As with everything in adult life, the cost of the thing has to be taken into consideration.
With the parts cost and installation fee, if you're running a face-lift Colorado, you're already into the project around $780 before we get to the head unit.
So to keep the whole thing under control, swinging for the fences might not be the right choice. Lead with your heart, but keep your head in the mix.
Undeniably powerful. Formidable cabin presence and just plain awesome. Kenwood has put their best foot forward with their 10.1-inch HD monster tablet unit, and I can tell you with 100% honesty, it’s amazing. Literally every feature you could possibly imagine, plus one or two tricks that are brand new to the Australian Market, the XDS has you covered.
Boy does this unit look at home in the Holden Colorado cabin! Given the expansive room given to us, a unit that hovers above your climate controls, and nestled between your AC vents is just what should’ve been installed from factory.
The feature-list of this unit reads like a Shakespearian tale of mammoth proportions. Wired and Wireless Apple CarPlay and Android Auto, DAB+ radio, Bluetooth, USB, iDatalink Maestro, Certified High-Res Audio, HDMI and AV-in, multiple camera inputs including dedicated dash camera control and super-advanced sound production settings plus a physical volume knob!
Out of all the tablet units on the market, the Kenwood DMX9720XDS is the most expensive, but it is the most feature-rich and the best performing.
One of the more interesting features of the XDS is its compatibility with iDatalink’s Maestro vehicle integration. Once connected, the XDS has the power to integrate with your Holden Colorado’s ECU displaying all sorts of previously unseen information like 4WD specific yaw and compass data, climate controls, engine, and efficiency information to boot.
The Pioneer DMH-ZF9350BT is a game-changing infotainment system that is designed to elevate your driving experience to new heights. We’ve been around the block a few times with car audio and we’ve seen our fair share of car accessories and upgrades, but this unit stands out from the rest.
Firstly, the display is nothing short of impressive. The 9-inch screen offers crystal-clear visuals, making it easy to navigate through menus and maps. Plus, it’s highly responsive, so you can make quick and effortless adjustments while on the go.
The sound quality is also exceptional, thanks to the unit’s advanced audio technologies.
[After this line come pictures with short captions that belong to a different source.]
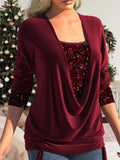 Women's Luxury Contrast Color Sequins Faux Two Shirts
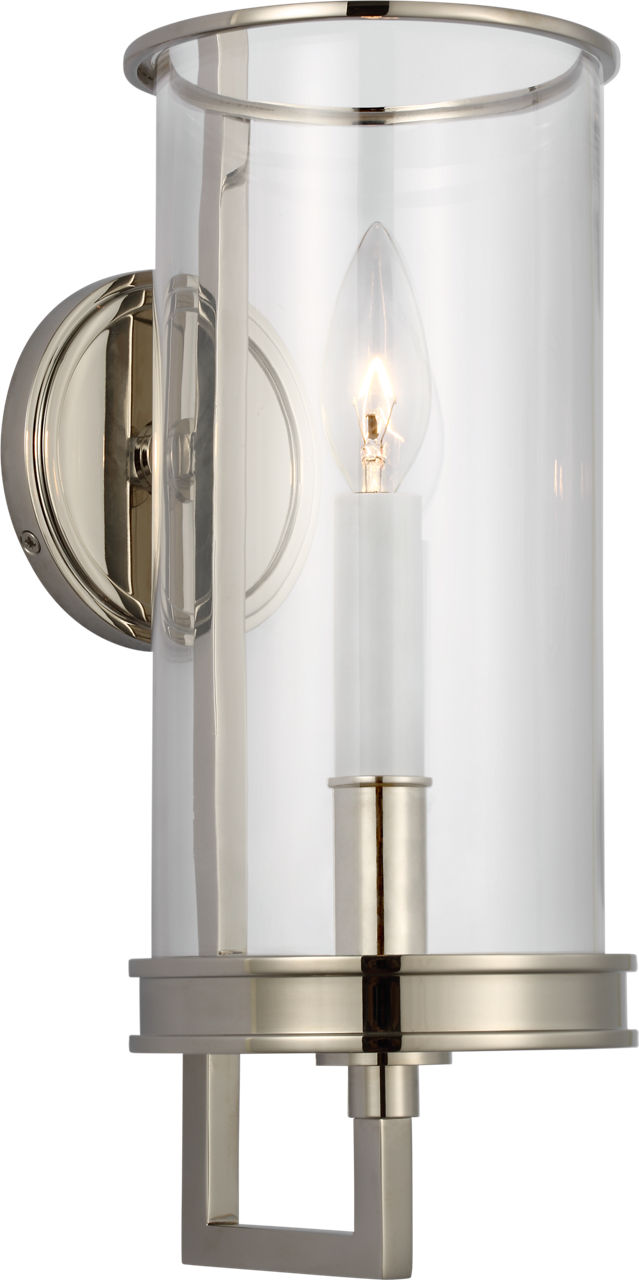 Glendon Small Hurricane Sconce in Polished Nickel with Clear Glass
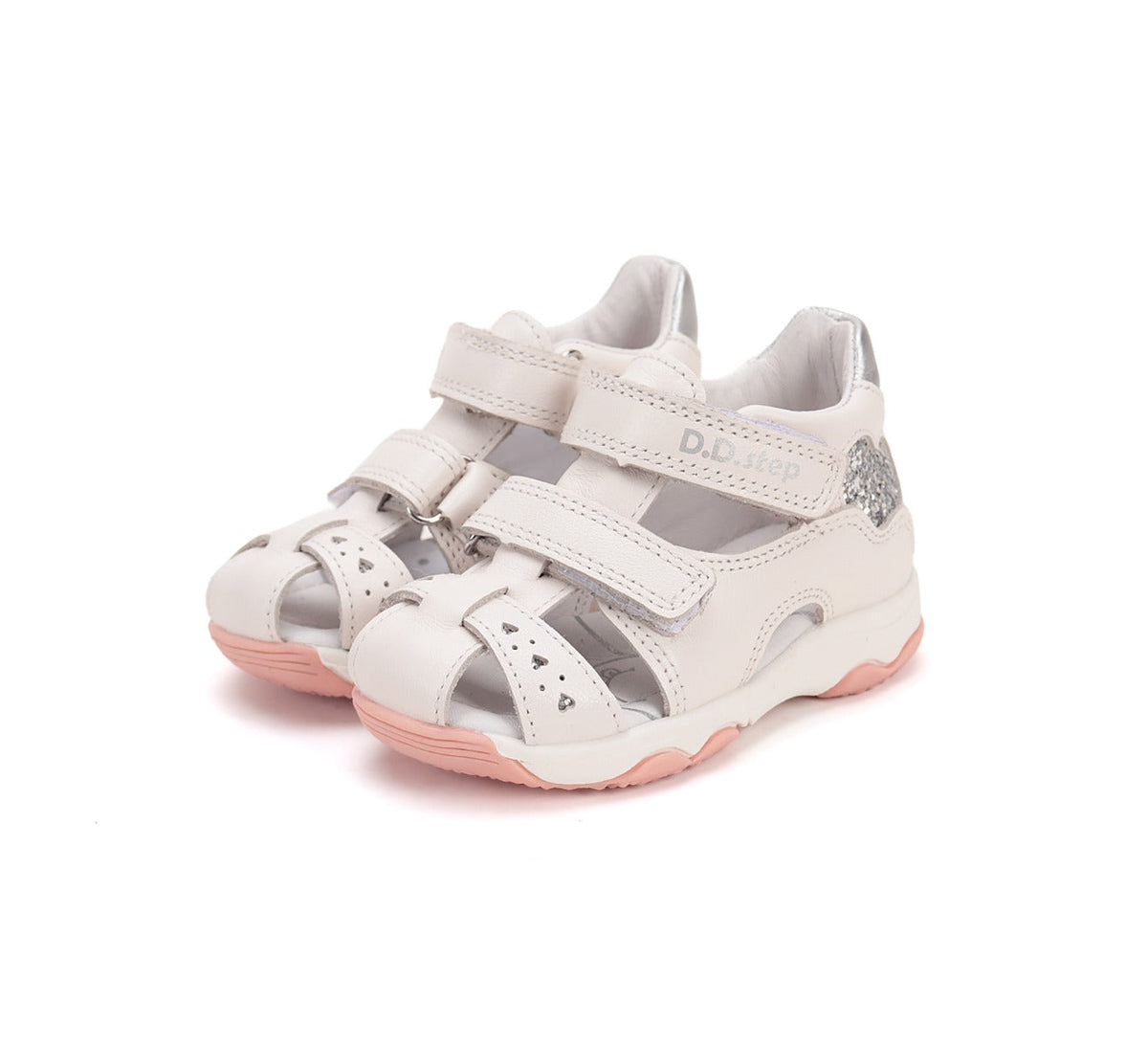 D.D.Step sandale fetite 26-31 White cu inimoara Fő kép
The DMH-ZF9350BT features built-in Bluetooth, allowing you to stream music wirelessly from your smartphone or other compatible devices. And with the ability to customize the sound with a 13-band equalizer, you’ll be able to achieve your ideal audio settings with ease.
But that’s not all – the DMH-ZF9350BT also features compatibility with Apple CarPlay and Android Auto, making it easy to access your favorite apps and features while on the road. And with access to turn-by-turn GPS navigation, you’ll never have to worry about getting lost again.
Overall, the Pioneer DMH-ZF9350BT is a top-of-the-line infotainment system that is worth every penny. If you’re looking to take your driving experience to the next level, this unit is a must-have.
If you’re loving the idea of the Pioneer flagship, the brand-new version in the ZF stable, the Pioneer DMH-ZF8550BT is worth a look.
Bringing all the ideal features and inclusions from the ZF9350BT, and leaving some of the top tier ones for the flagship, the DMH-ZF8550BT is able to be offered a little bit cheaper. With the price-drop the features and abilities don’t drop. In fact they become a little more focused on what the average driver is looking for.
Coming with the beautifully designed 9-inch floating table screen, wireless Apple CarPlay and Android Auto, bluetooth, amazing sound control and camera connectivity – the DMH-ZF8550BT is every bit as awesome as its big brother.
Offering an outstanding balance between features and value, this unit deserves a look in when deciding what unit to get as the upgrade in your Holden Colorado.